Riometers are usually operated with broad-beam antennas, with beamwidth on the order of 60 degrees. These integrate absorption activity over a large portion of the ionosphere, so small scale details of the actual physical distribution of electron density enhancements are lost. Narrow beam antennas, with beamwidths of 10 to 20 degrees, are sensitive to smaller scale features of ionization, but are generally limited in the ionospheric area which can be examined at one time. The data from several riometers operated at different frequencies, but examining the same sky with broadbeam antennas, show effects which have been interpreted as being due to small scale spatial structure in the electron precipitation region which does not completely fill the antenna beam. Results analyzed from narrow beam and multiple frequency riometer data, in conjunction with optical data from all-sky cameras and photometers, indicate that the spatial scale of ionospheric electron density perturbations can be very small, on the order of a few kilometers.
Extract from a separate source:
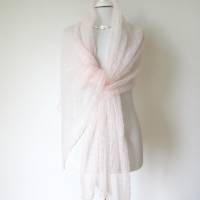 Hauchzarter Brautschal in weiß-rosa, Mohair-Stola für die Hochzeit, sommerliches Lace-Tuch, dünnes Umschlagtuch Bild 2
A recent trend in riometry is toward the use of antennas providing several narrow beams, which examine different parts of the sky. Some of these systems have been constructed to provide several fixed beams, and others scan the ionosphere in a linear path with one or more steerable beams. The IRIS system was designed to operate as a fast-scan multiple-beam instrument to examine the entire ionospheric sky, out to about 45 degrees from the zenith. The IRIS antenna is a sophisticated phased-array which produces 49 narrow beams, on the order of 12 degrees beamwidth, all of which are sampled once a second. This system is capable of examining ionospheric electron density perturbations in fine time scale, as well as small spatial scale.

At South Pole Station, the University of Maryland operates broadbeam riometers at 20.5, 30, 38.2, and 51.4 MHz. The signals from these instruments are digitized and recorded at 1-Hz resolution by the station data acquisition system. The broadbeam antennas are located in a group about 1-km from the Cusp Lab. For the 20.5, 30 and 51.4 MHz systems, the broadbeam antenna comprises two adjacent parallel horizontal dipoles; the antenna for the 38.2 MHz system is a single element identical to those used with the IRIS phased array, including a chicken-wire ground plane located a quarter-wavelength below the horizontal dipole element plane. The antenna beam projects a nearly circular -3 dB locus onto the ionosphere, where the absorption of cosmic radio noise occurs; the -3 dB beamwidth is approximately 60-degrees, so the diameter of the typical ionospheric absorption region at 90 km altitude is about 100 km.